A questo punto non aveva più senso nascondersi, e i due corsero dentro il bagno, cercando di attirare l’attenzione del mostro, che però sembrava avere tutta l’intenzione di devastare l’intero bagno.
Con la mazza aveva già polverizzato la parte destra della stanza. Harryk e Marcelo riuscirono ad intravedere Nicola, rannicchiato in un angolo, con un occhio pesto e in un impeto di coraggio, iniziarono a lanciare sassi e pietre verso il Melo.
Questo non attese oltre e rispose immediatamente alla provocazione: caricò in direzione dei giovani che si buttarono prontamente di lato, evitando il primo attacco.


Harryk, sfortunatamente, non fu abbastanza lesto a rialzarsi, e il mostro lo sollevò per una gamba. Per il giovane sembrava finita, poichè il Felipe Melo stava caricando il colpo con la mazza in direzione di Harryk.
Nicola e Marcelo si diedero un’occhiata, il sardo fece in tempo a dire “Tourè, non Taider!” e il giovane croato, sfoderata la sua bacchetta esclamò “Wijnaldum-Tourè” in direzione della mazza del Felipe Melo. Il braccio scese, ma il colpo non arrivò. Il Melo si guardò la mano vuota, basito. Marcelo invece mosse la bacchetta, e la mazza colpì il mostro direttamente in testa, facendolo crollare al suolo, inerte.

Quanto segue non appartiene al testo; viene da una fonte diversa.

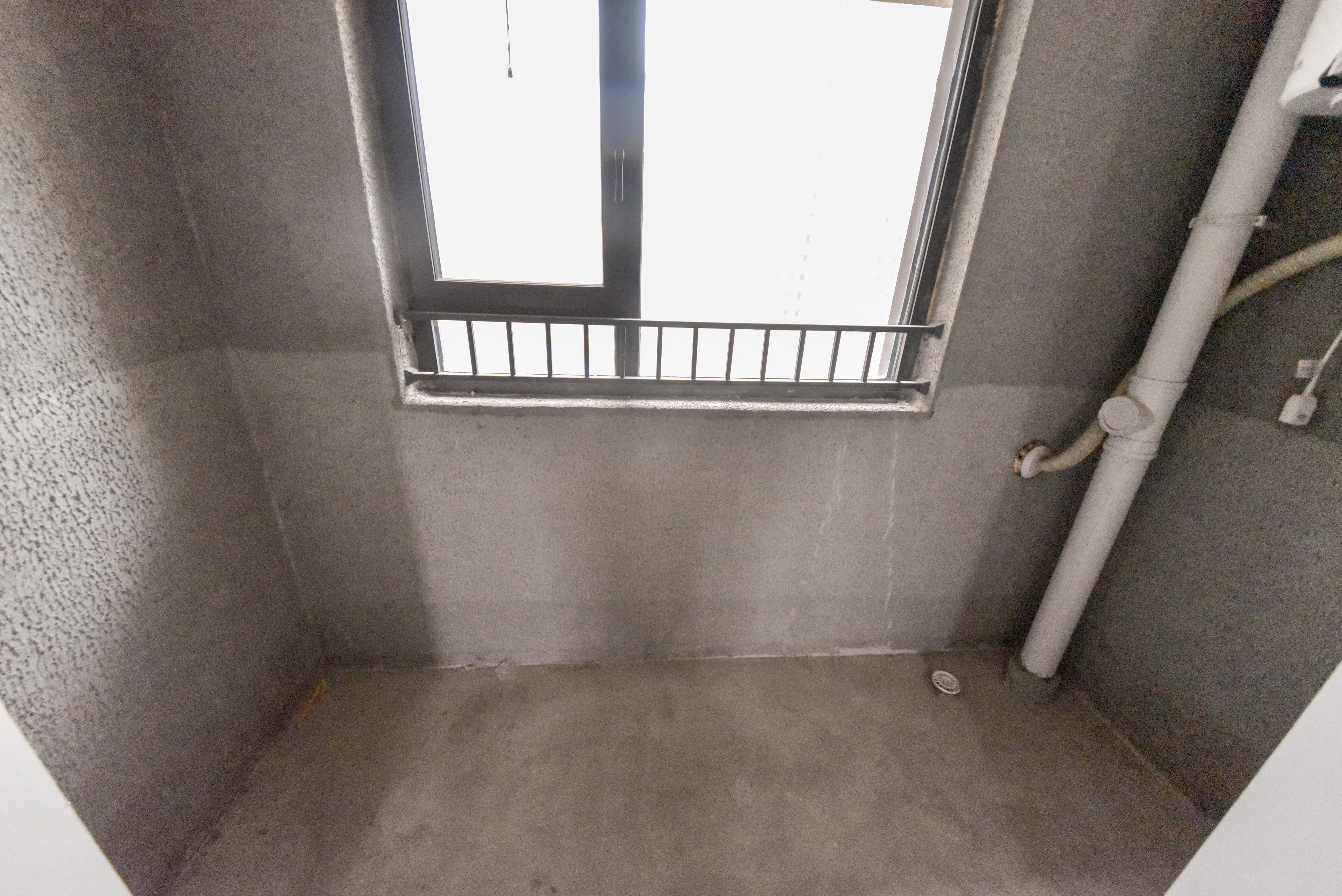 融创文旅城云庐居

Un secondo più tardi arrivò l’intero corpo insegnanti. Gli sguardi di tutti erano attoniti ed arrabbiati, e chiaramente in attesa di risposte da parte di quel trio.

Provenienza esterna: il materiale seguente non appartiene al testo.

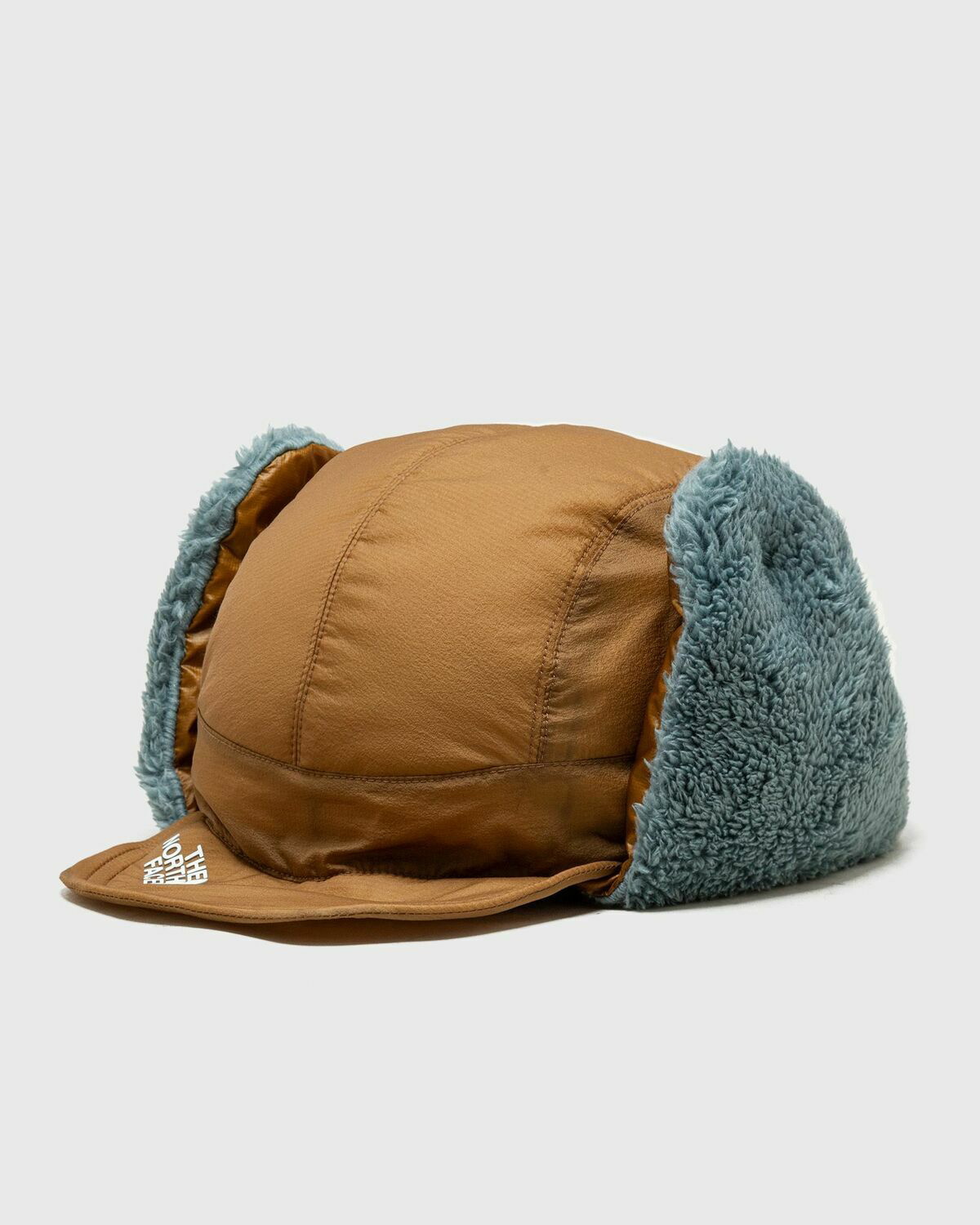 Campshire earflap cap north hot sale face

Harryk prese la parola: “Professori, sappiamo che non..”
Ma Nicola lo zittì: “Pensavo che il Felipe Melo forte non fosse. Ho deciso di scendere per affrontarlo da solo, se non fossero intevenuti loro due probabilmente morto sarei. Chiedo scusa a tutti!”
Pierino McAusilio era livido di rabbia: “Spero che lo spavento ti sia servito da lezione! 5 punti in meno a Grifondinter! Quanto a voi due, non è da tutti i ragazzi della prima Stagione sconfiggere un Felipe Melo di montagna. 5 punti a testa, per la vostra fortuna sfacciata..”


Prima che potessero combinare altri guai, i professori lì mandarono in camera.
Nicola Grangerella diventò parte della combriccola. Ci sono eventi, tipo lo stendere un Felipe Melo alto quattro metri, dopo i quali era impossibile non diventare amici, e quindi il duo composto da Harryk e Marcelo divenne un trio, con grande gioia di tutti.